Premièrement, ces arguments s'appuient sur les sites Web invoqués à titre de preuve de la véracité de leur contenu, or une telle preuve est irrecevable [voir Candrug Health Solutions Inc. c. Thorkelson (2007), 60 C.P.R. (4th) 35 (C.F.), infirmé par (2008), 64 C.P.R. (4th) 431 (C.A.F.), (Candrug)]. Les arguments de la Requérante se rattachant aux pièces jointes à l'affidavit de Mme MacDonald ne seront donc pas examinés puisqu'ils ne sont pas valablement étayés par la preuve au dossier. En ce qui a trait à cet exemple particulier, même si j'acceptais qu’il constitue une preuve de la présence de l'expression « strawberry tomatoes » dans un article publié dans The Toronto Star (un journal national, le tirage duquel je suis disposée à prendre connaissance d'office), il étaye tout au plus une conclusion qu’un tel article a été publié. Les arguments de la Requérante portant que l'article se rapporte à la Requérante et aux Marchandises est une pure hypothèse et par conséquent, je ne peux les accepter. La Requérante fait valoir des arguments conjecturaux semblables à l'égard d'autres pièces jointes à l'affidavit de Mme MacDonald et pour les mêmes motifs, je ne tiendrai pas compte non plus de ces arguments. 

[59]           Compte tenu du fait que certains éléments de preuve tirés de l'Internet semblent en l'espèce avoir été soumis pour démontrer la connaissance qu'avait le public de certains renseignements [c.‑à‑d. que l'expression « tomates fraises » peut s'employer dans une acception générique pour désigner une variété de tomate] et non pour établir la véracité de son contenu et, à ce titre, je les considère pertinents. Toutefois, sans précision concernant le nombre de Canadiens ayant pu consulter ces sites Web, aucun élément de preuve n’établit que ces renseignements ont effectivement été portés à la connaissance de consommateurs canadiens [voir Candrug, précité]. De plus, il n'est même pas clair si ces sites Web proviennent du Canada ou s’y rapportent.

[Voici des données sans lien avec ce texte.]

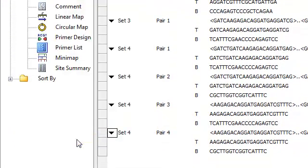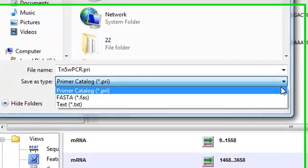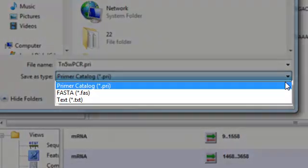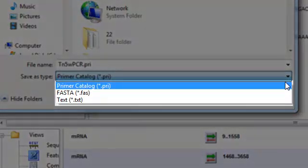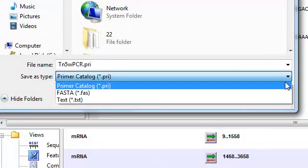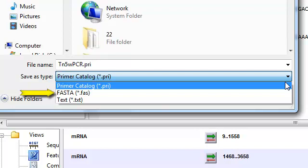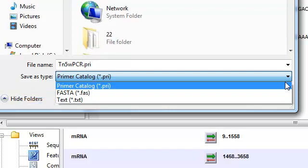And here you can see I'm given three different options for file format. Now if you plan to import this group of primers into SeqBuilder at a later time, then choosing Primer Catalog is the best choice. Choosing FASTA will export all of the primer sequences into a single FASTA file, and choosing Text will create a tab-delimited text file containing all of the information displayed in the Primer List view.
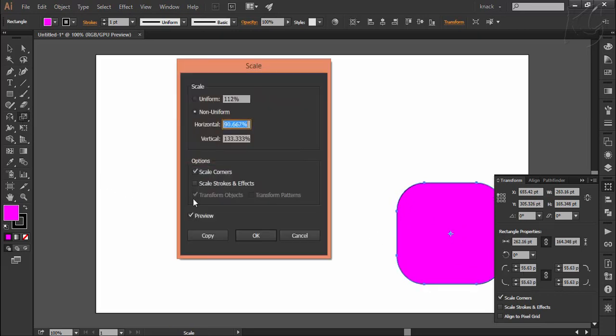Likewise, we have the option of scale stroke and effect. It will scale the stroke size proportionately. Generally this option is kept unchecked, and as you will progress further into the course of learning Illustrator, you will know the good reasons why it is kept unchecked.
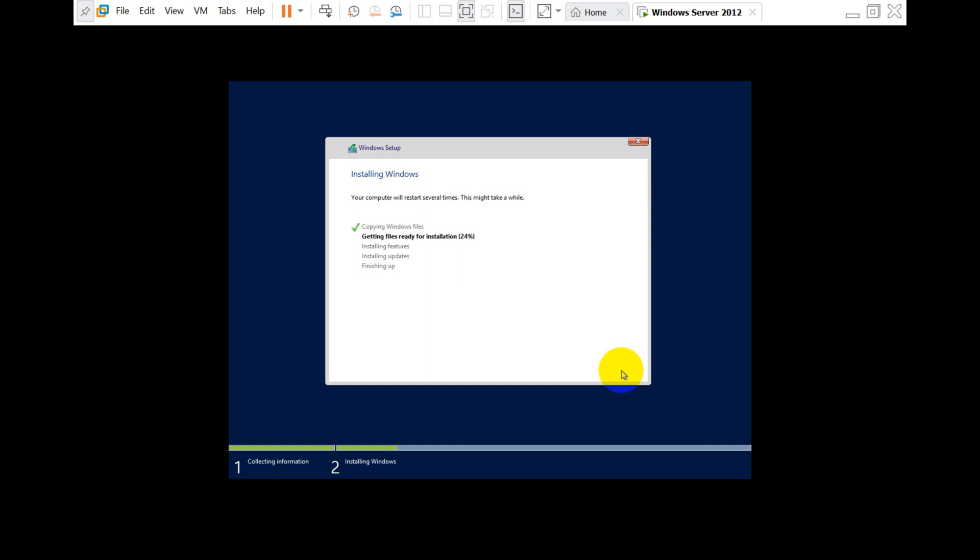It's getting files ready, installing features, and then it will install the updates. I'm making the video faster so we can see all the steps. Initially it will copy the Windows files, install all the required files, install the features and updates. After that it will reboot the computer or server. Before that, make sure to remove the bootable USB or DVD.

[60]           J'ai donc été saisie d'éléments de preuve étayant que l'expression « tomates fraises » peut être utilisée pour décrire un fruit inhabituel dont le nom latin est Physalis pruinosa et qui, dans certains cas, est classé en anglais comme une tomate (par exemple, on la désigne comme étant une « edible husk tomato » [alkékenge comestible] dans la définition de « strawberry tomato » mentionnée dans le rapport de l'examinateur joint à l'affidavit de Mme Brady); l’expression est également utilisée pour décrire la tomate légume commune (c.‑à‑d. les Marchandises).

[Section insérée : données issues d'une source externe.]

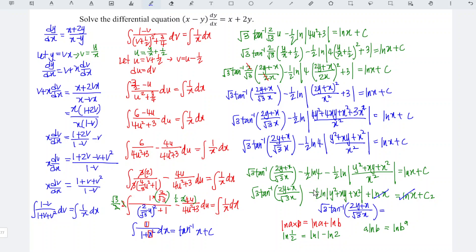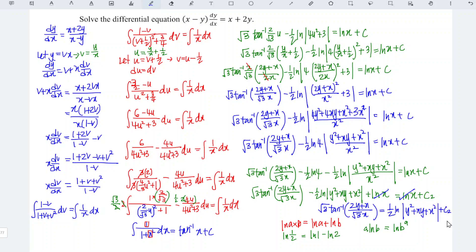We can bring the negative to the right. So which means we are left with arctan of 2y plus x divided by root 3 times x, equal to 1 over 2 times ln of y squared plus xy plus x squared, and finally we add the constant c. Done.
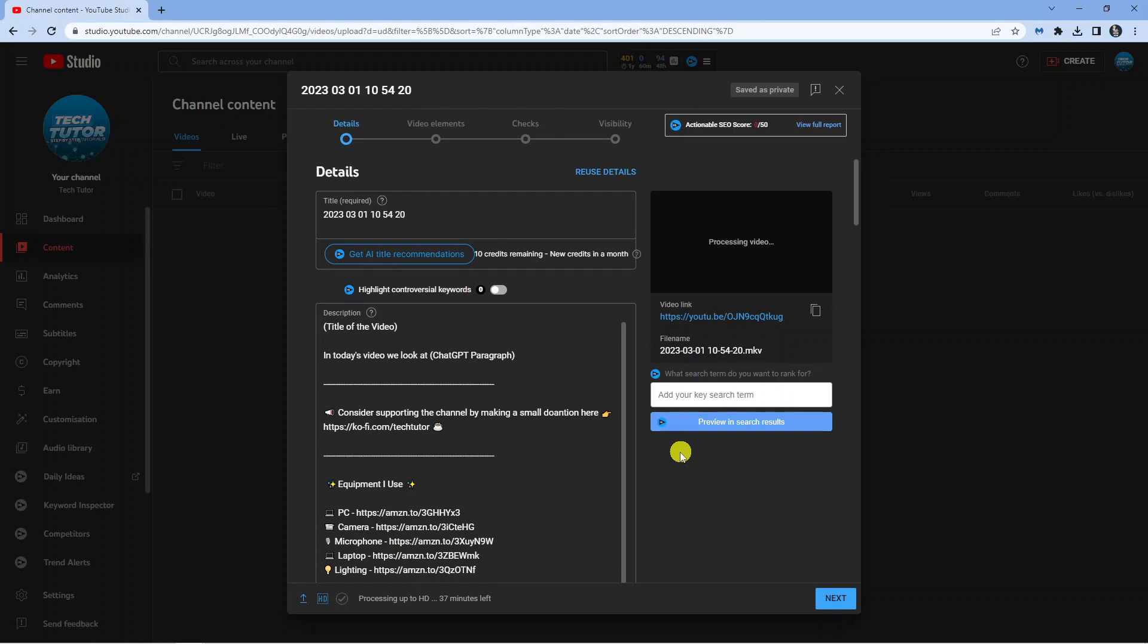So the two main things to bear in mind as I mentioned earlier is to make sure the video is under one minute long and also to make sure it's in the correct format which is 1920 by 1080 pixels.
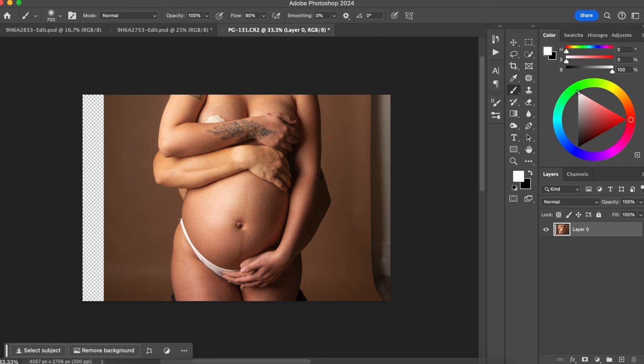In this video, I'm going to show you how to remove the underwear from your maternity photos to only show your client's body shape. Hello photographers, welcome back to my channel. For those who don't know me, my name is Sylvia. I'm a specialist in the magazine style of maternity photography. In this channel, I talk about professional editing techniques to help you make more money with your photos. Now let's get into the video.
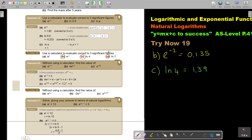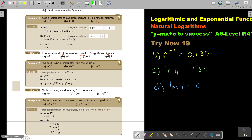And then the last one, number d: ln(1). I can press it, but I already know the answer will be 0. Just like log(1) is 0, ln(1) is 0. And that's how you do it.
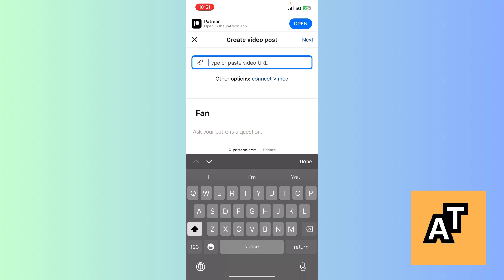After that, it will allow you to create your first post and upload a video. This is how you upload a video in the Patreon app. Thank you for watching. I hope this was helpful. Please subscribe to the channel.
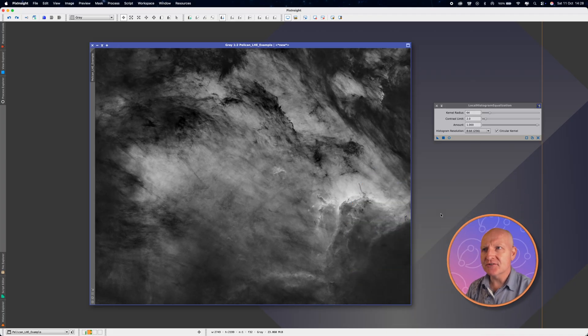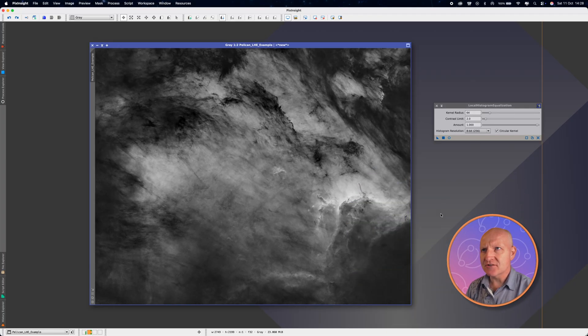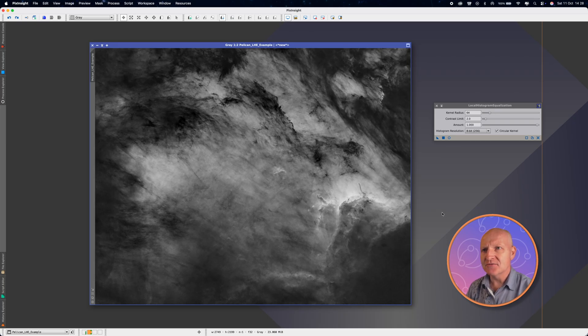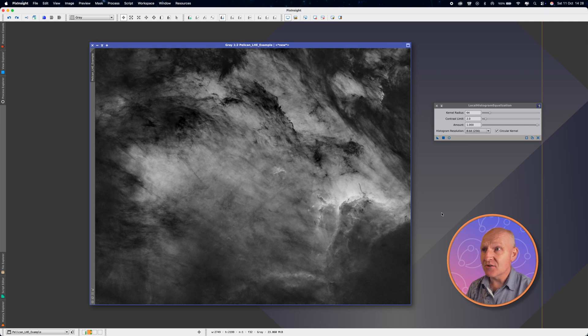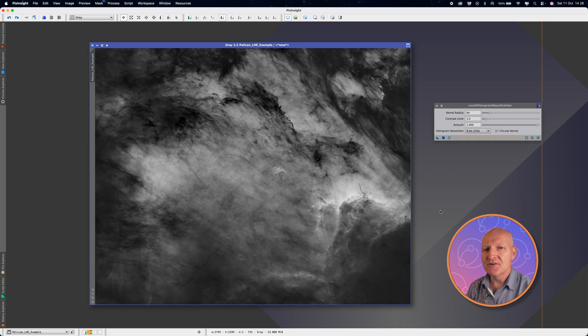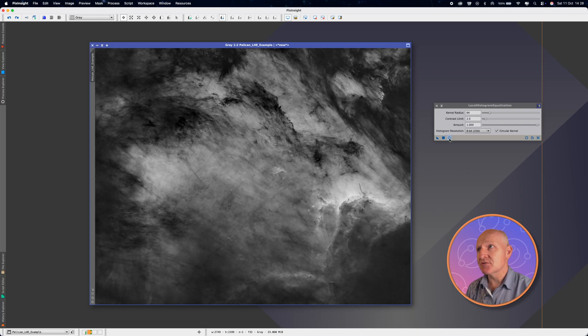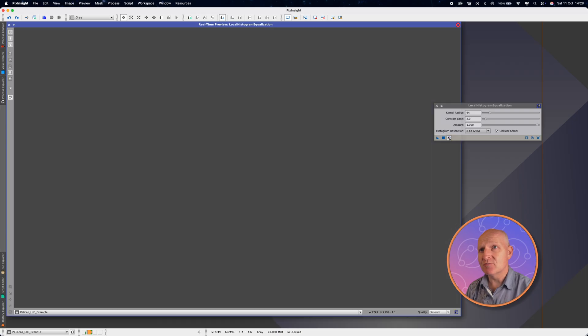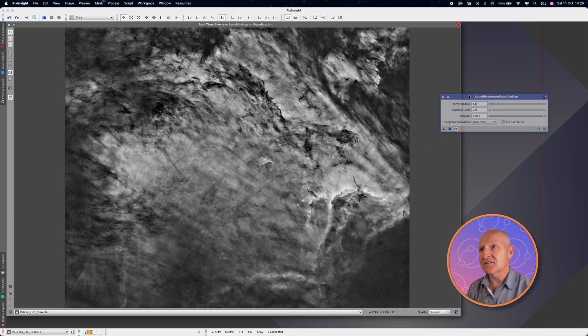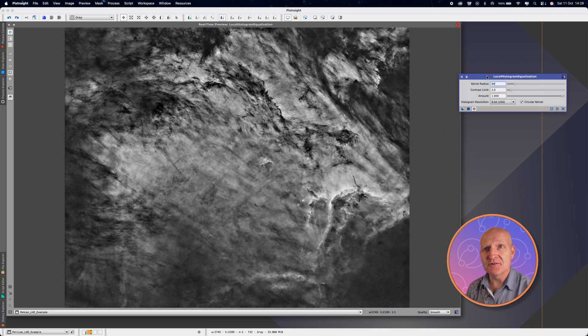So let's now take a look at what local histogram equalization actually does to the contrast of a real picture. I've got a picture of the Pelican Nebula on screen. This has been processed. Local histogram equalization, you want to be using at the end of or towards the end of your process once everything's been done. So this is a black and white image, a hydrogen alpha stacked image. And most things have already been done. It's been stretched, et cetera. Now, what I'm going to do is I'm going to turn on the actual real time preview. And the first thing you'll notice is it looks absolutely horrific.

[61]           D'après mon examen de la preuve, je conclus que la preuve permet de conclure au même degré que la Marque est le nom des Marchandises et qu’elle est le nom d'une variété différente de fruit ou de légume (c.‑à‑d. Physalis pruinosa). Étant donné qu'il incombe à la Requérante de prouver selon la prépondérance des probabilités que la Marque n'est pas enregistrable et qu'elle n'est donc pas le nom des Marchandises, je dois rendre une décision défavorable à la Requérante.

[62]           Vu ce qui précède, je fais droit au motif d'opposition fondé sur l'alinéa 12(1)c) de la Loi.

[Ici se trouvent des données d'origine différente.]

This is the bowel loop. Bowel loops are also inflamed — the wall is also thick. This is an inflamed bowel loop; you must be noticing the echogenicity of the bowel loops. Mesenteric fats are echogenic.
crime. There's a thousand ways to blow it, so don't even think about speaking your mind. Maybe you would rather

L’alinéa 12(1)b) de la Loi

[63]           Relativement à ce motif, c’est à la Requérante qu’il incombe de démontrer que la Marque est enregistrable. L'Opposante a toutefois le fardeau initial d’étayer, au moyen d'une preuve suffisante, son allégation que la Marque donne une description claire ou une description fausse ou trompeuse des Marchandises. 

[64]           La question de savoir si la Marque donne une description claire ou donne une description fausse et trompeuse de la nature ou de la qualité des Marchandises doit être examinée du point de vue de leur acheteur moyen. En outre, le mot « nature » s'entend d'une particularité, d'un trait ou d'une caractéristique des services, et le mot « clair » signifie « facile à comprendre, évident ou simple » [voir Drackett Co. of Canada Ltd. c. American Home Products Corp. (1968), 55 C.P.R. 29, à la page 34 (C. de l'É.)]. Enfin, il ne faut pas scruter séparément chacun des éléments constitutifs de la Marque; celle-ci doit plutôt être considérée dans son ensemble et sous l’angle de la première impression [voir les décisions Wool Bureau of Canada Ltd. c. Registraire des marques de commerce, 40 C.P.R. (2d) 25 (C.F. 1re inst.), aux pages 27 et 28, et Atlantic Promotions Inc. c. Registraire des marques de commerce, 2 C.P.R. (3d) 183 (C.F. 1re inst.), à la page 186].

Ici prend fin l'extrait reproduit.